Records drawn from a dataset
------------------------

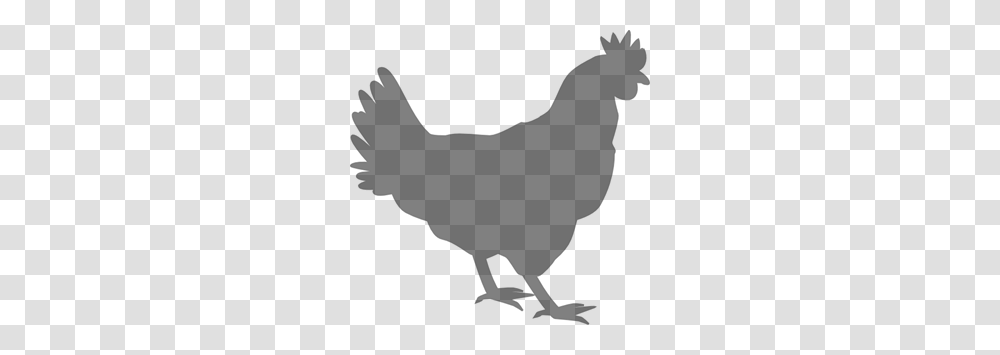 Grey Chicken Clip Arts For Web, Gray, World Of Warcraft Transparent Png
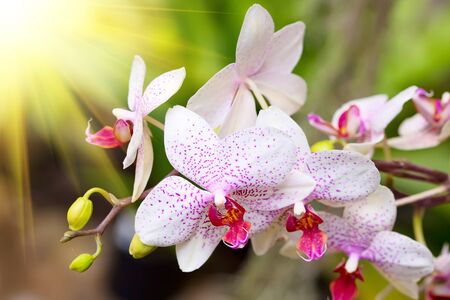 Branch of white tropical orchid with sunlightの写真素材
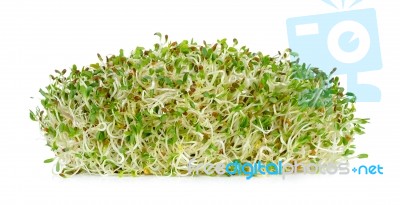 Alfalfa Sprouts Isolated On The White Background Stock Photo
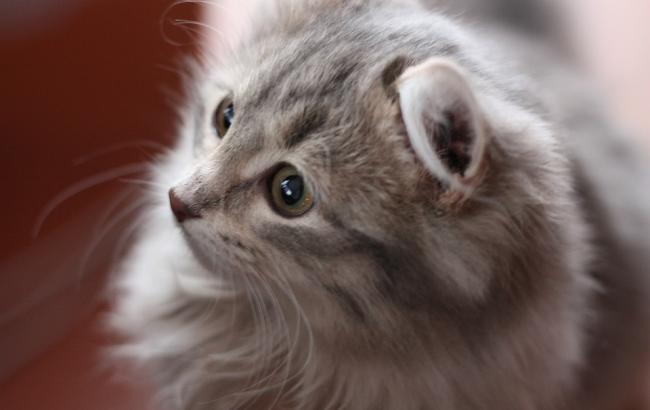 У Києві жінка викинула з вікна кішку: сусіди розповіли подробиці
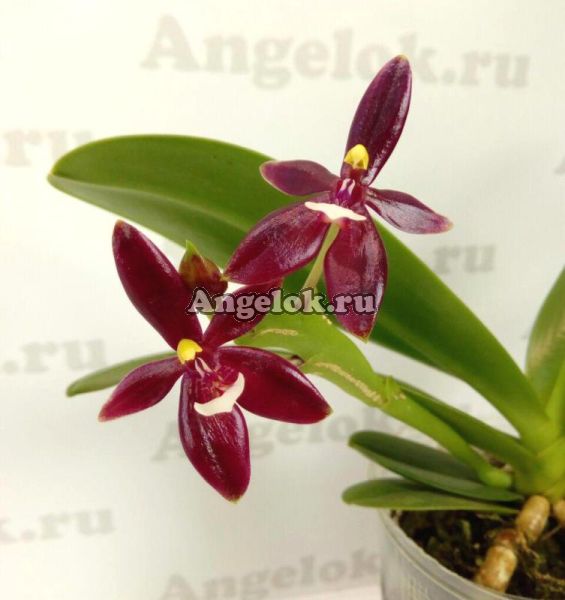 фото Фаленопсис Оленерогий (P.cornu-cervi forma chattaladae'MSH') Тайвань от магазина магазина орхидей Ангелок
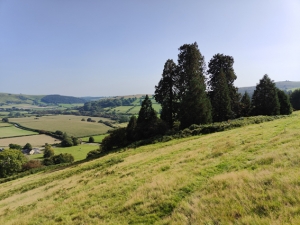 Pilleth Bryn Glas Wellingtonias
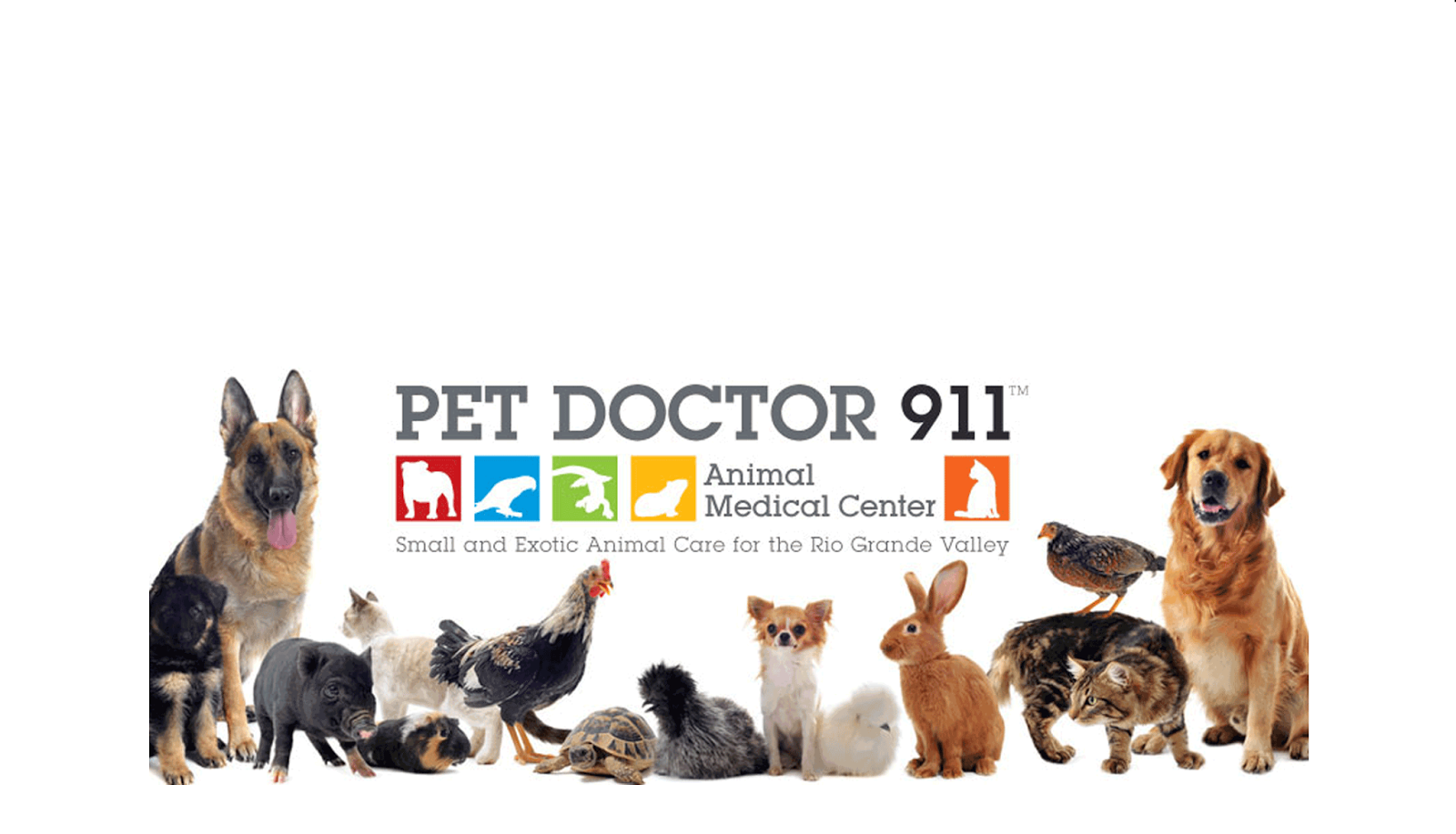 Pet Doctor 911 - McAllen , United States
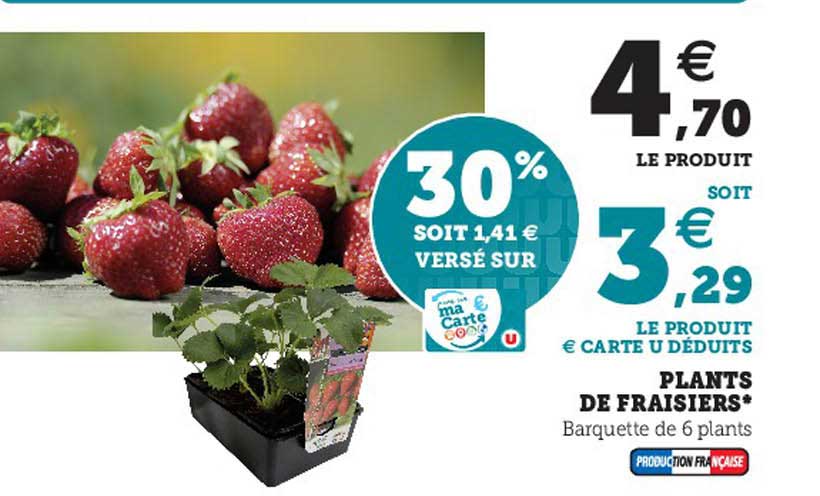 plants de fraisiers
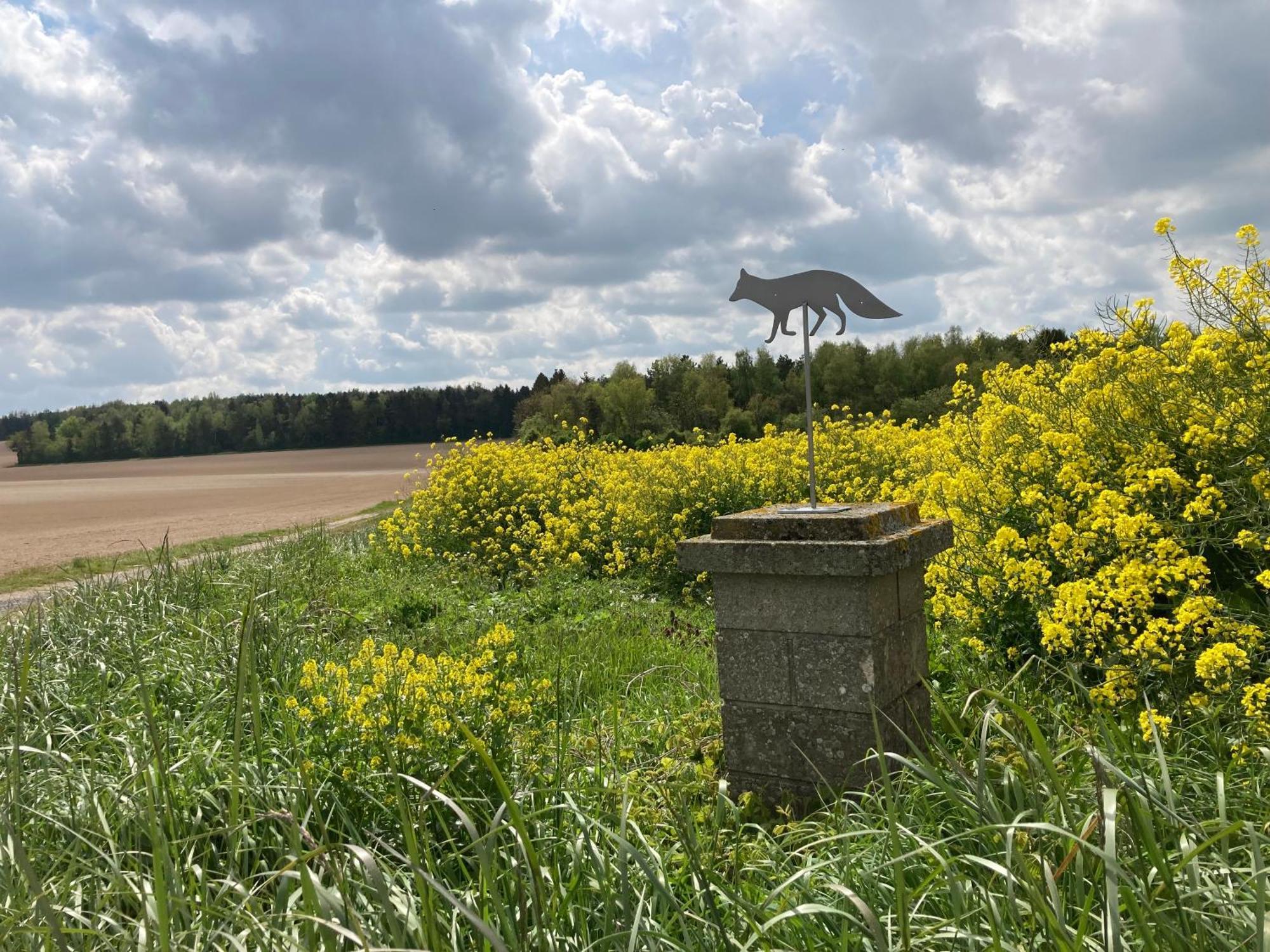 "Aux Chants Des Oiseaux" Domaine De La Renardiere Les Grandes-Loges Exteriör bild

------------------------

§ TASK OBJECTIVE: Your job is to transcribe the records exactly and in full. Pictures are not part of the copy.

§ EXPECTED OUTPUT:
 Grey Chicken Clip Arts For Web, Gray, World Of Warcraft Transparent Png
 Branch of white tropical orchid with sunlightの写真素材
 Alfalfa Sprouts Isolated On The White Background Stock Photo
 У Києві жінка викинула з вікна кішку: сусіди розповіли подробиці
 фото Фаленопсис Оленерогий (P.cornu-cervi forma chattaladae'MSH') Тайвань от магазина магазина орхидей Ангелок
 Pilleth Bryn Glas Wellingtonias
 Pet Doctor 911 - McAllen , United States
 plants de fraisiers
 "Aux Chants Des Oiseaux" Domaine De La Renardiere Les Grandes-Loges Exteriör bild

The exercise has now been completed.